A valuation allowance is recognized for a deferred tax asset if, based on the weight of available evidence, it is more-likely-than-not that some portion or the entire deferred tax asset will not be realized. The ultimate realization of deferred tax assets is dependent upon the generation of future taxable income during the periods in which those temporary differences become deductible. In making such judgments, significant weight is given to evidence that can be objectively verified. As a result of the increased credit losses, the FNB continues to be in a three-year cumulative pre-tax loss position as of March 31, 2012. A cumulative loss position is considered significant negative evidence in assessing the realizability of a deferred tax asset, which is difficult to overcome. FNB's estimate of the realization of its deferred tax assets was based on the scheduled reversal of deferred tax liabilities and taxable income available in prior carry back years and estimated unrealized losses in the available-for-sale investment portfolio. FNB did not consider future taxable income in determining the realizability of its deferred tax assets. FNB expects its income tax expense (benefit) will be negligible for the next several quarters until profitability has been restored for a reasonable time and such profitability is considered sustainable. At that time, the valuation allowance would be reversed. Reversal of the valuation allowance requires a great deal of judgment and will be based on the circumstances that exist as of that future date. If future events differ significantly from our current forecasts, we may need to increase this valuation allowance, which could have a material adverse effect on the results of operations and financial condition.

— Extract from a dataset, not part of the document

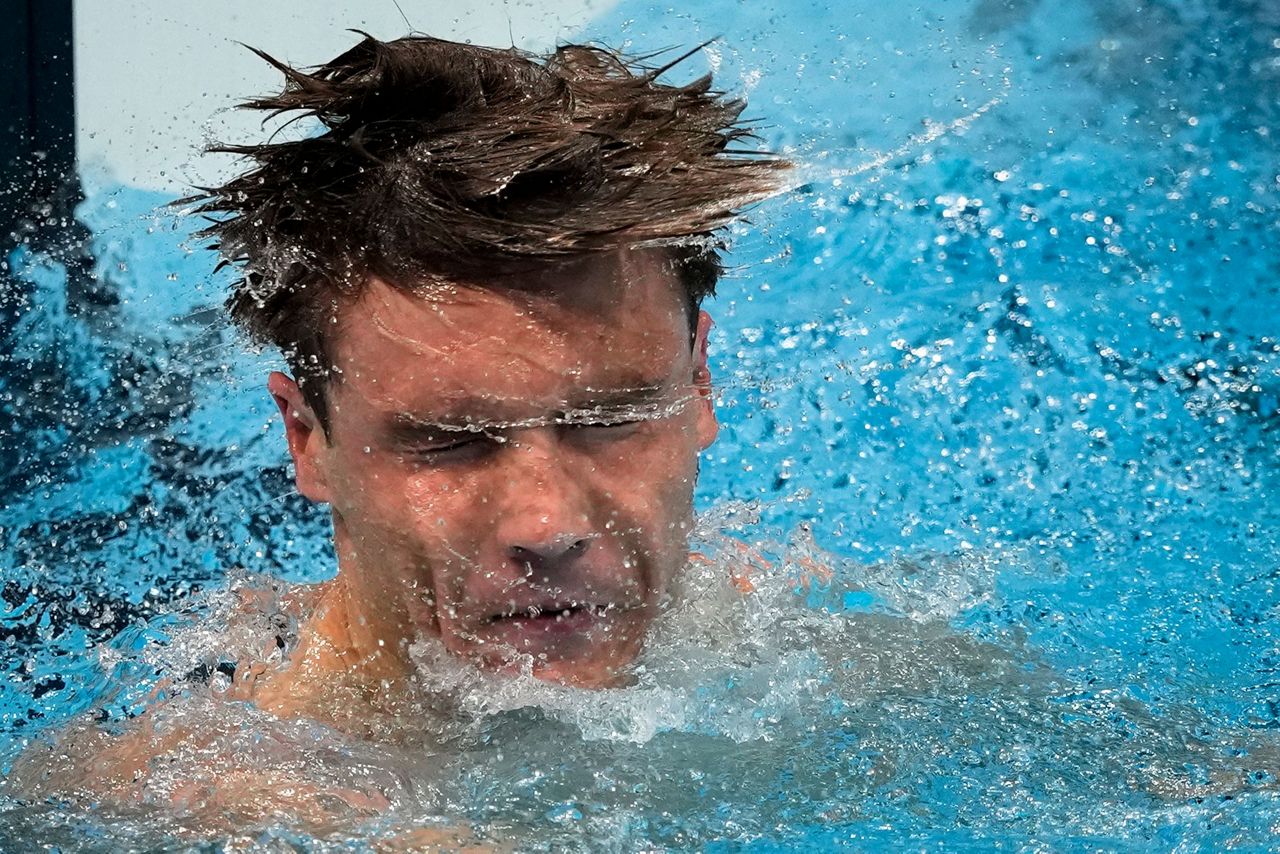 Olympics Latest US pair knocked out of beach volleyball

The Merger was considered a change in control for Granite Corp. under Internal Revenue Code Section 382 and the Regulations, thereunder. Accordingly, we are required to evaluate potential limitation or deferral of its ability to carryforward pre-acquisition net operating losses and to determine the amount of net unrealized built-in losses (“NUBIL”), which may be subject to similar limitation or deferral. Under the Internal Revenue Code and Regulations, NUBIL realized within 5 years of the change in control are subject to potential limitation, which for us is October 20, 2016. Through that date, we will continue to analyze our ability to utilize such losses to offset anticipated future taxable income, however, this estimate will not be known until the five-year recognition period expires. Losses limited under these provisions are generally limited to a carryforward period of 20 years, subject to the annual limitation and expire if not used by the end of that period. As of March 31, 2012, total deferred tax assets attributable to Granite Corp. and subsidiaries were approximately $35.5 million which is offset by a valuation allowance of $34.1 million. We anticipate that some of these benefits from the net operating losses and built-in losses will not ultimately be realized; however, that amount is subject to continuing analysis and has not yet been determined.
Summary
Management believes the accounting estimates related to the ALL, the valuation of OREO, the carrying value of securities, business

45


combination accounting, and the valuation allowance for deferred tax assets are “critical accounting estimates” because: (1) the estimates are highly susceptible to change from period to period as they require management to make assumptions concerning the changes in the types and volumes of the portfolios and anticipated economic conditions, and (2) the impact of recognizing an impairment or loan loss could have a material effect on the FNB's assets reported on the balance sheet as well as its net earnings.
Non-GAAP Measures
This quarterly Report on Form 10-Q contains financial information determined by methods other than in accordance with GAAP. We use these non-GAAP measures in our analysis of FNB's performance. Some of these non-GAAP measures exclude goodwill and core deposit premiums from the calculations of return on average assets and return on average equity. We believe presentations of financial measures excluding the impact of goodwill and core deposit premiums provide useful supplemental information that is essential to a proper understanding of the operating results of our core businesses. In addition, certain designated net interest income amounts are presented on a taxable equivalent basis. We believe that the presentation of net interest income on a taxable equivalent basis aids in the comparability of net interest income arising from taxable and tax-exempt sources. Further, we use other non-GAAP measures that exclude preferred stock and common stock warrants to report equity available to holders of our common stock. We believe that measures that exclude these items provide useful supplemental information that enhances an understanding of the equity that is available to holders of different classes of FNB's stock.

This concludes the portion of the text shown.